Dataset items
┄┄┄┄┄┄
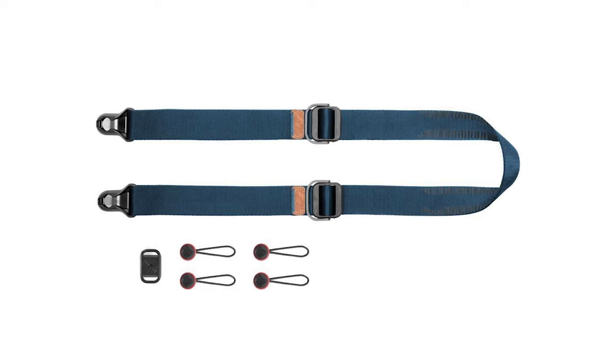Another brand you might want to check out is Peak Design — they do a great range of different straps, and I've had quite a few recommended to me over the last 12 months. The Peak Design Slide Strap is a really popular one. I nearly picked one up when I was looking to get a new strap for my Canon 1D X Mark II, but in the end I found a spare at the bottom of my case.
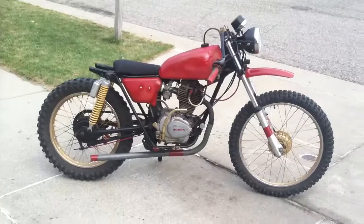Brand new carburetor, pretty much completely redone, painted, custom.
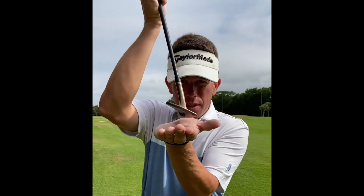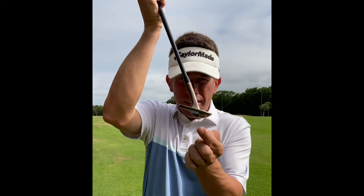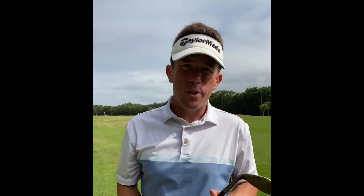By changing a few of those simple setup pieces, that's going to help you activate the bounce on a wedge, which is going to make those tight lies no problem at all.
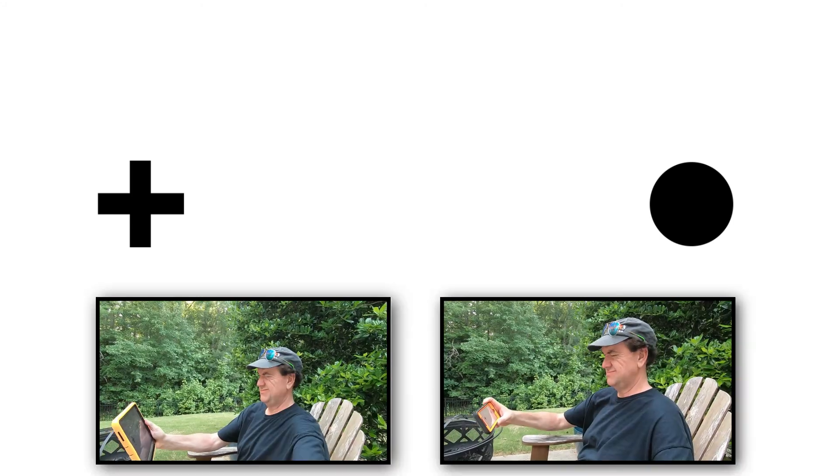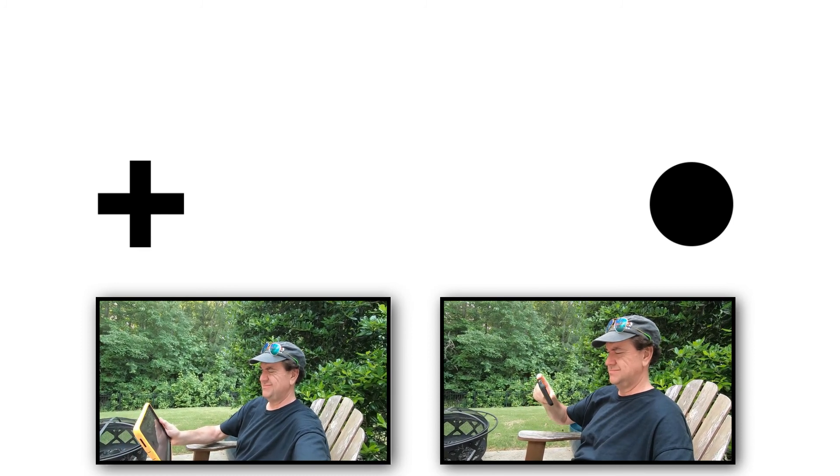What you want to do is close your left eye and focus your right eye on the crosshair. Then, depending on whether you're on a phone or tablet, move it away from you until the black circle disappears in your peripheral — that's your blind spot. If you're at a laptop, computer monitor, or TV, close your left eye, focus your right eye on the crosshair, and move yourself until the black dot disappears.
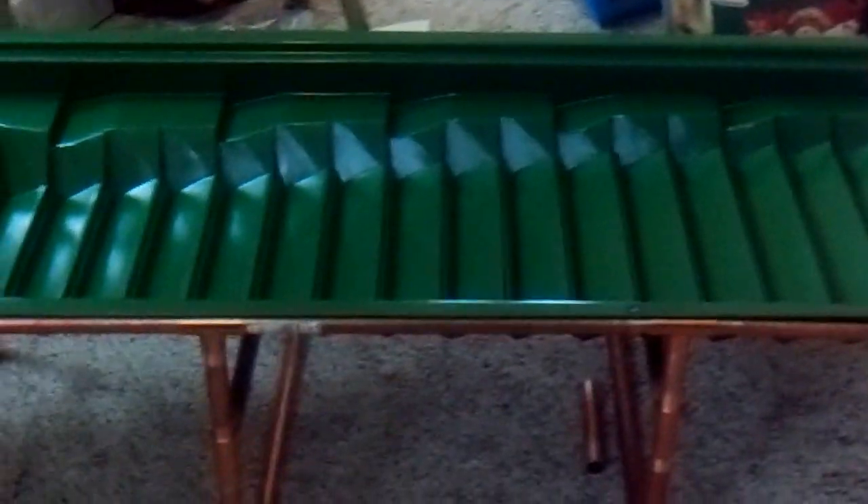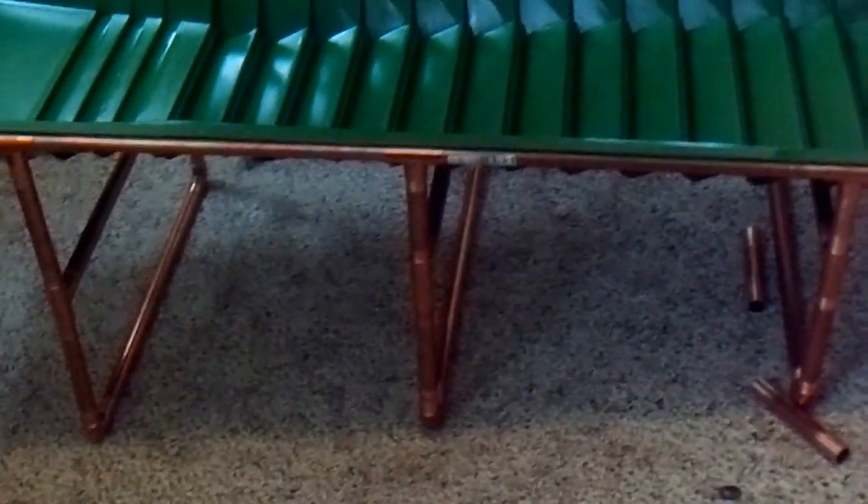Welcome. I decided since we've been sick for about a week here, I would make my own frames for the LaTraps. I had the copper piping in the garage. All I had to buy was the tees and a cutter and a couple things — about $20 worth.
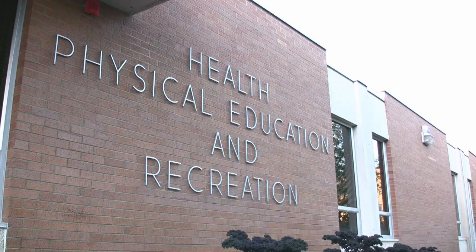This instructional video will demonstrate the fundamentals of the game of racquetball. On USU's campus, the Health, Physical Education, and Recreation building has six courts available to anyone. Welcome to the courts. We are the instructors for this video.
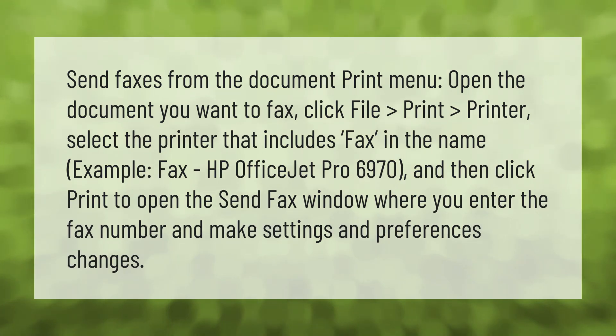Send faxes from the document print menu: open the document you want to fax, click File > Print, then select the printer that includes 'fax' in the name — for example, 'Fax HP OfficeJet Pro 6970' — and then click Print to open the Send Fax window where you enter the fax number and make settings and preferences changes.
┄┄┄┄┄┄
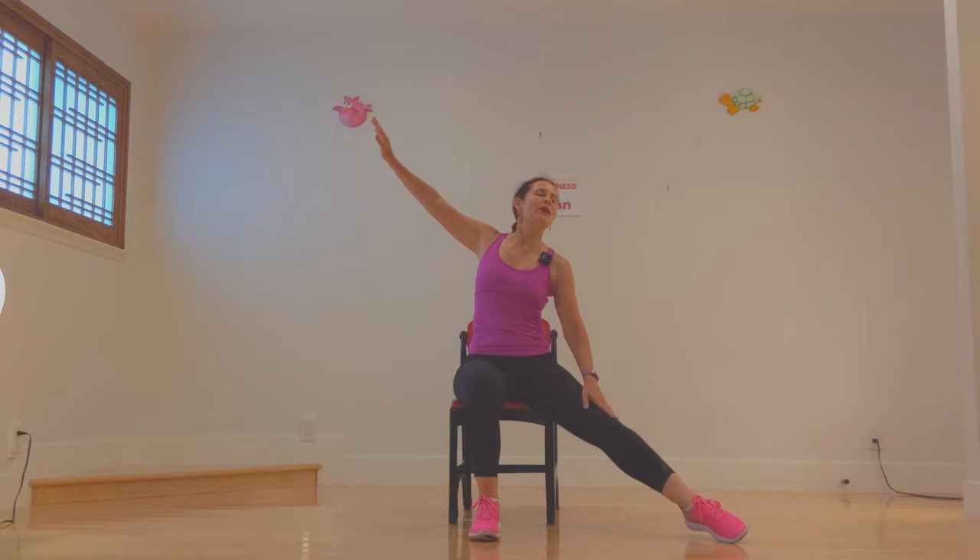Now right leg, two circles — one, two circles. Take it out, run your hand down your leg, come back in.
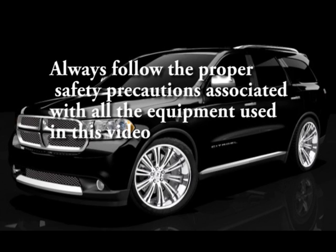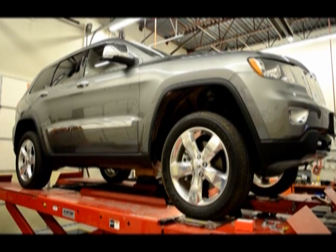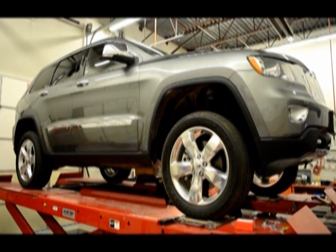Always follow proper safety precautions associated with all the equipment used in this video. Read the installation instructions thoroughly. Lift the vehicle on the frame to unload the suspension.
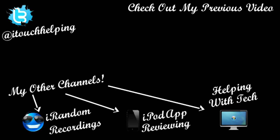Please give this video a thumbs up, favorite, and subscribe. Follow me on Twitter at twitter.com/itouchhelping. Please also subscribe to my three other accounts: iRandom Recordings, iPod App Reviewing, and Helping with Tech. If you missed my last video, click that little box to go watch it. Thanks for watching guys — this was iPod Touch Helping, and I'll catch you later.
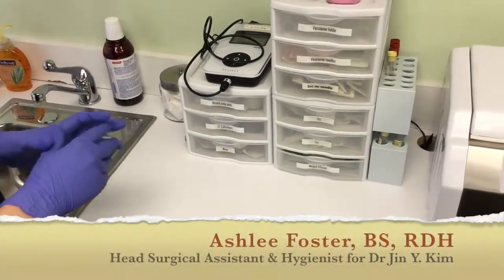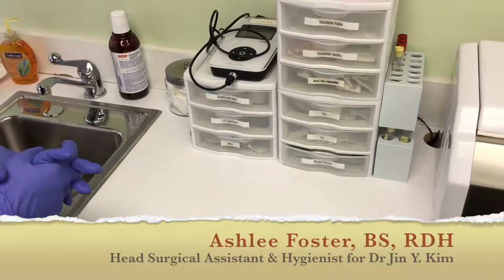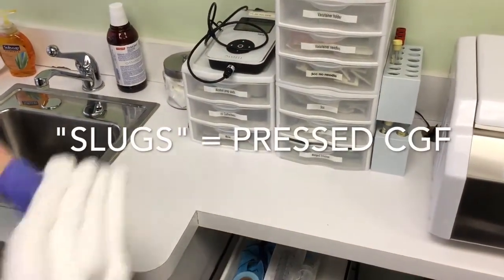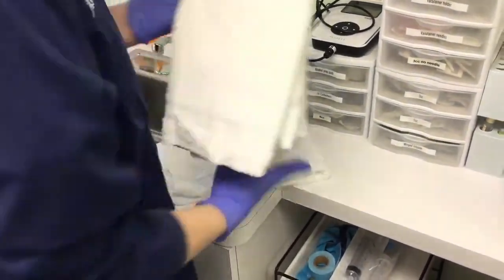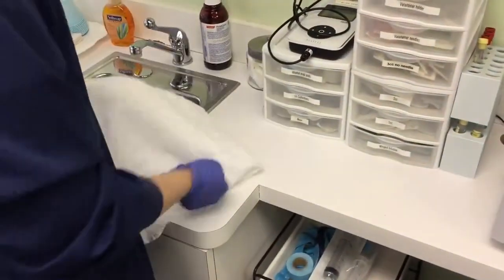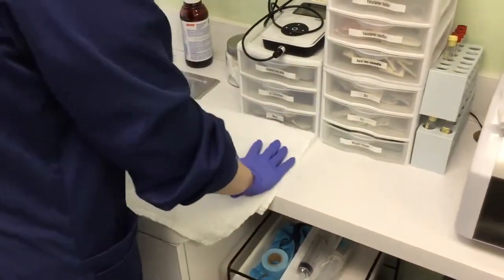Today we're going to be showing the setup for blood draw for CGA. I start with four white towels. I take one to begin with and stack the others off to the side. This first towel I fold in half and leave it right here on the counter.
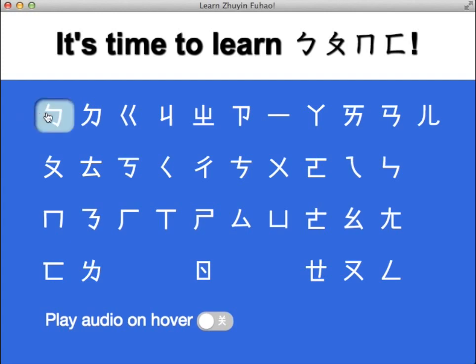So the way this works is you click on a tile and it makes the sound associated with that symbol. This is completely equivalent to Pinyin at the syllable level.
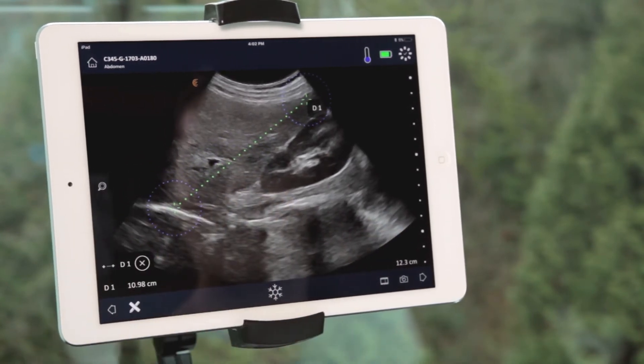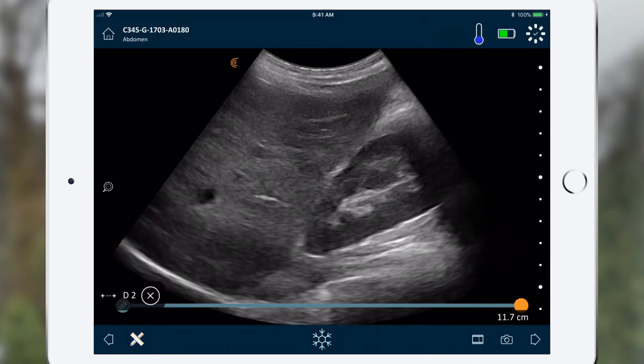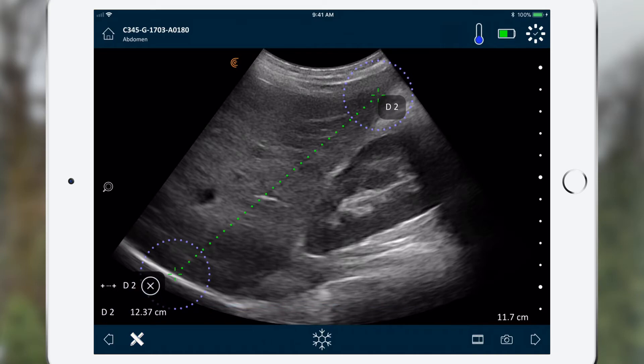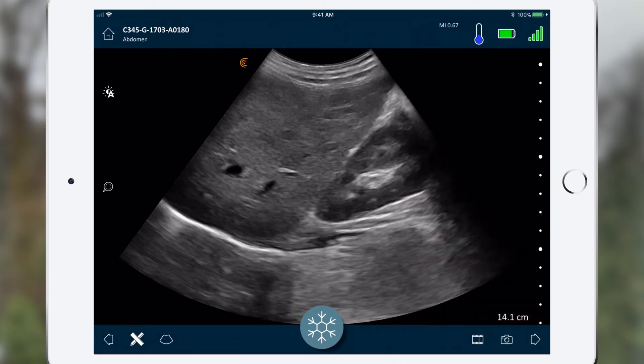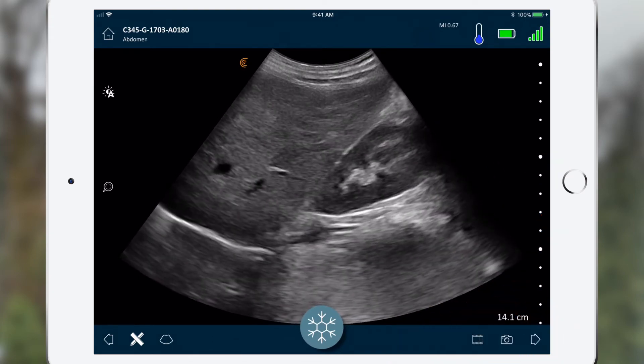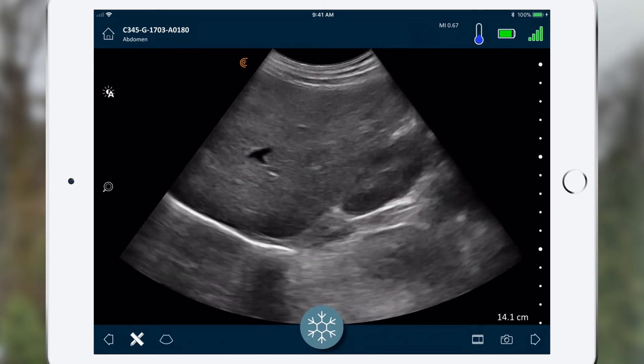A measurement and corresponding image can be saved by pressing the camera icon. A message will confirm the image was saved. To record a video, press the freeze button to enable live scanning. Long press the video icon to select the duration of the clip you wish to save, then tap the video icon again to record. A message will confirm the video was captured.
┄┄┄┄┄┄
Using the records above, repeat exactly the run of lines that starts with the line with "Brand new carburetor, pretty" and goes on through the line with "Send faxes from"; omit each picture.

Brand new carburetor, pretty much completely redone, painted, custom.
By changing a few of those simple setup pieces, that's going to help you activate the bounce on a wedge, which is going to make those tight lies no problem at all.
What you want to do is close your left eye and focus your right eye on the crosshair. Then, depending on whether you're on a phone or tablet, move it away from you until the black circle disappears in your peripheral — that's your blind spot. If you're at a laptop, computer monitor, or TV, close your left eye, focus your right eye on the crosshair, and move yourself until the black dot disappears.
Welcome. I decided since we've been sick for about a week here, I would make my own frames for the LaTraps. I had the copper piping in the garage. All I had to buy was the tees and a cutter and a couple things — about $20 worth.
This instructional video will demonstrate the fundamentals of the game of racquetball. On USU's campus, the Health, Physical Education, and Recreation building has six courts available to anyone. Welcome to the courts. We are the instructors for this video.
Send faxes from the document print menu: open the document you want to fax, click File > Print, then select the printer that includes 'fax' in the name — for example, 'Fax HP OfficeJet Pro 6970' — and then click Print to open the Send Fax window where you enter the fax number and make settings and preferences changes.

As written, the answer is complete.